By Elizabeth Taylor, Tribune literary editor
Chicago Tribune
CHICAGO — Sitting in a meeting room filled with photographs of former chairmen of the Chicago City Council's Finance Committee, the committee's current chairman, Edward M. Burke, alderman of the 14th Ward for the last 38 years, talked like an author.

He and Thomas J. O'Gorman, historian-in-residence of the Irish Fellowship Club of Chicago and a City Hall speechwriter, reflected on their new book, "End of Watch" (Chicago's Books Press, $50), full of photographs and profiles intended to bring honor to the 534 Chicago police officers killed in the line of duty from 1853 to 2006.

Counting these deaths was not as straightforward as one might imagine; Burke and O'Gorman started with the standard Police Department history but uncovered an array of characters whose deaths had eluded that count. Each death is reconstructed from police records and newspaper accounts, and the authors discussed with Tribune literary editor Elizabeth Taylor their determination to establish respect for all the slain officers:

Q: Why do you and the Chicago Police Department differ on the number of police officers killed in action?

TO: In the lobby of the police headquarters at 35th and Michigan, the actual stars of the line-of-duty officers who have been retired are actually in a very beautiful glass case. And when we began this project, we began with that official list. . . .

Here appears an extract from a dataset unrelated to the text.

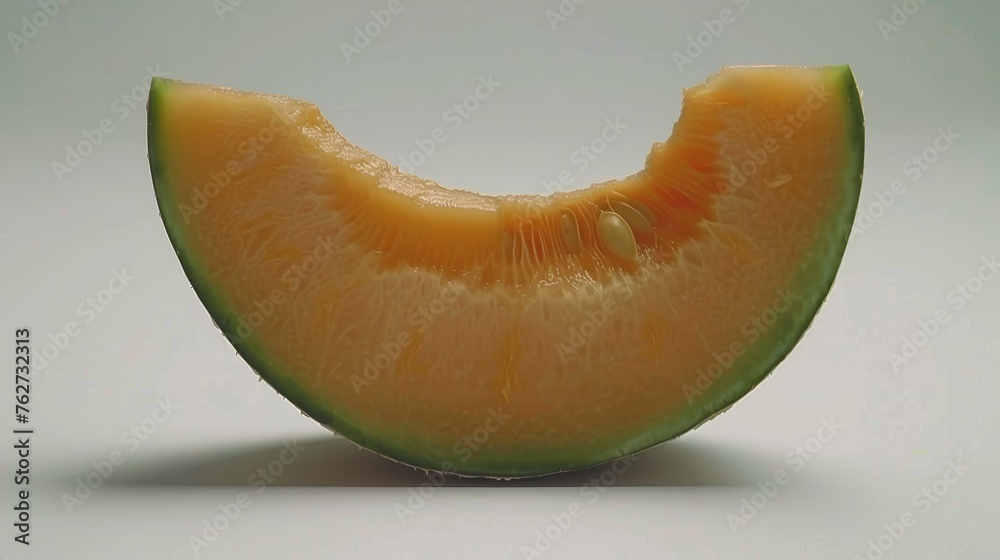 a close up of a piece of fruit with a bite taken out of one of the pieces of the fruit. a close up of a piece of fruit with a bite taken out of one of the pieces of the fruit.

Then exactly a year ago, the Chicago police, in preparation for the new memorial wall, released the names of 78 more police officers who had died in the line of duty. . . . Many of them were men that had "keeled over" with a heart attack or such while chasing a criminal, and, thus, hadn't been properly recognized. And then through our own scholarship, we found 12 that maybe slipped through the cracks between 1864 and especially through the 1930s. Many of them were motorcycle policemen for the Park District. So when you add all those figures together, that is where 534 comes from.